Researchers with Harvard University's FAS Center for Systems Biology report on changes to the human gut microbiome associated with the use of xenobiotics. The team followed human gut microbiomes in three individuals taking xenobiotic compounds over nine months, using a combination of 16S ribosomal RNA sequencing, microbial community gene expression experiments, and flow cytometry to test the individuals' fecal samples. The analyses revealed shifts in the gut microbiome composition, physiological features, and gene expression profiles, even after fairly brief xenobiotic exposures, with drug-exposed gut bugs showing elevated expression of resistance, stress response, and drug metabolism-related genes. "These results demonstrate the power of moving beyond surveys of microbial diversity to better understand metabolic activity, highlight the unintended consequences of xenobiotics," researchers write, "and suggest that attempts at personalized medicine should consider inter-individual variations in the active human gut microbiome."

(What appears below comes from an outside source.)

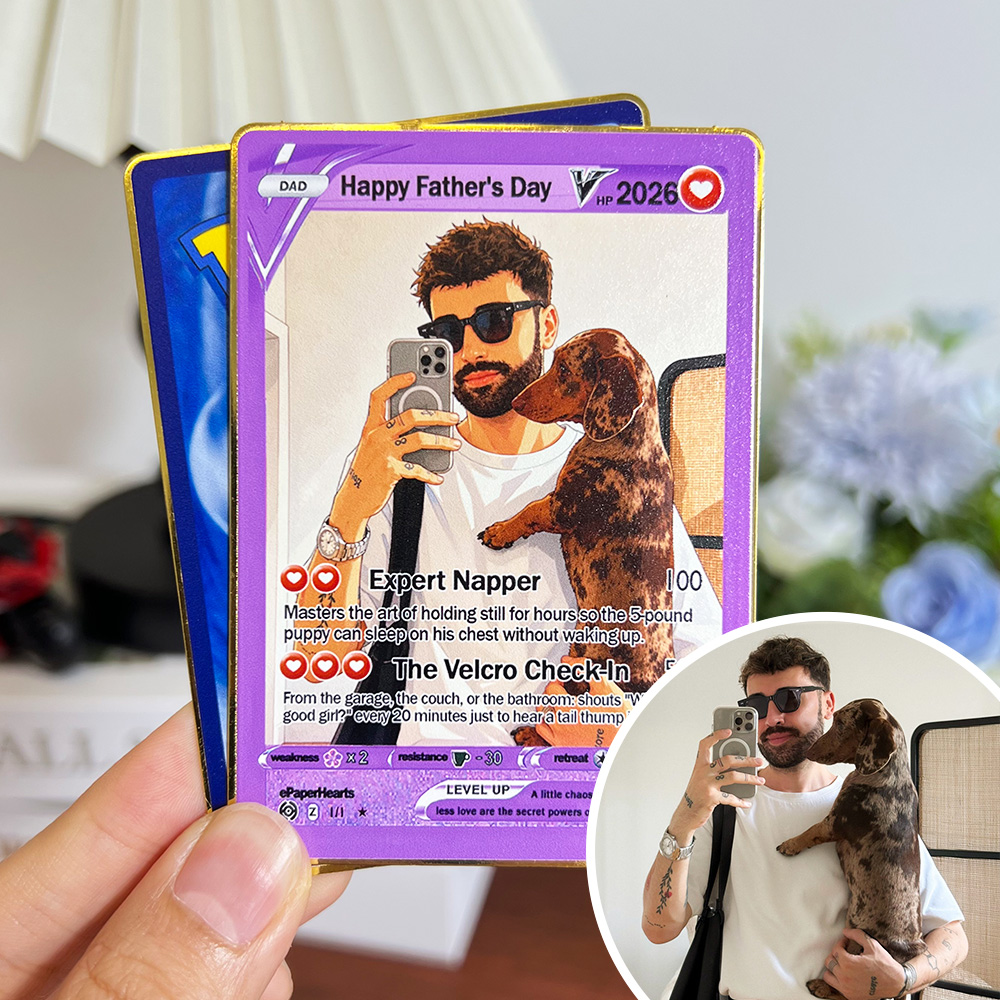 50%OFF 🐶 Custom V Pokecard Dad & Pet Photo Anime Card For Pokedad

Our sister publication GenomeWeb Daily News has more on this study here.
In another Cell study, the National Cancer Institute's André Nussenzweig and colleagues from the US and Spain describe sites in the genome that are particularly prone to DNA damage in replicating B cells. The group identified these recurrent sites — dubbed "early replication fragile sites," or ERFSs — through a series of ChIP-seq, Repli-seq, RNA-seq, and other experiments in mouse B cells. Their subsequent experiments suggest that the ERFSs overlap with sites with pronounced gene expression or elevated repetitive element contents. But they also seem to coincide with many places in the human genome where recurrent amplifications or deletions have been documented in diffuse large B-cell lymphoma, prompting speculation that the sites are a key player in lymphomagenesis-related rearrangements in mammalian cells.

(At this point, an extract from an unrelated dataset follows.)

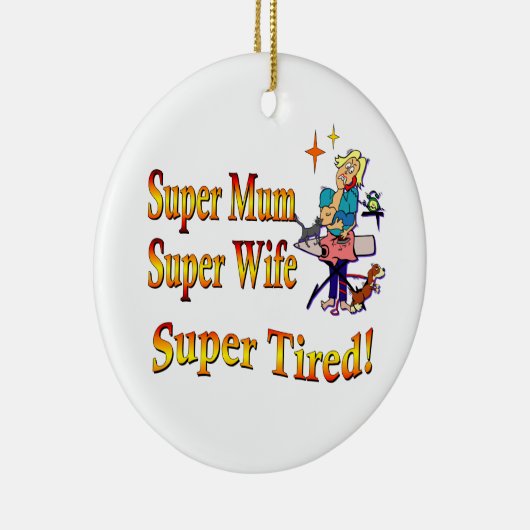 Supermama, Ehefrau, ermüdet. Entwurf für Keramikornament (Rechts)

An American-led team takes a look at chromatin organization across the genome in a set of assorted human tissue types and stem cell lines. The researchers turned to ChIP-seq to map genome-wide chromatin patterns, defining the position of various histone modifications in 29 tissue or cell types. Together, the information offers clues to the chromatin state transitions and regulatory features characterizing cells from various lineages, developmental phases, or cellular contexts. The study also considers chromatin organization relative to other features in the cell, including nuclear architecture.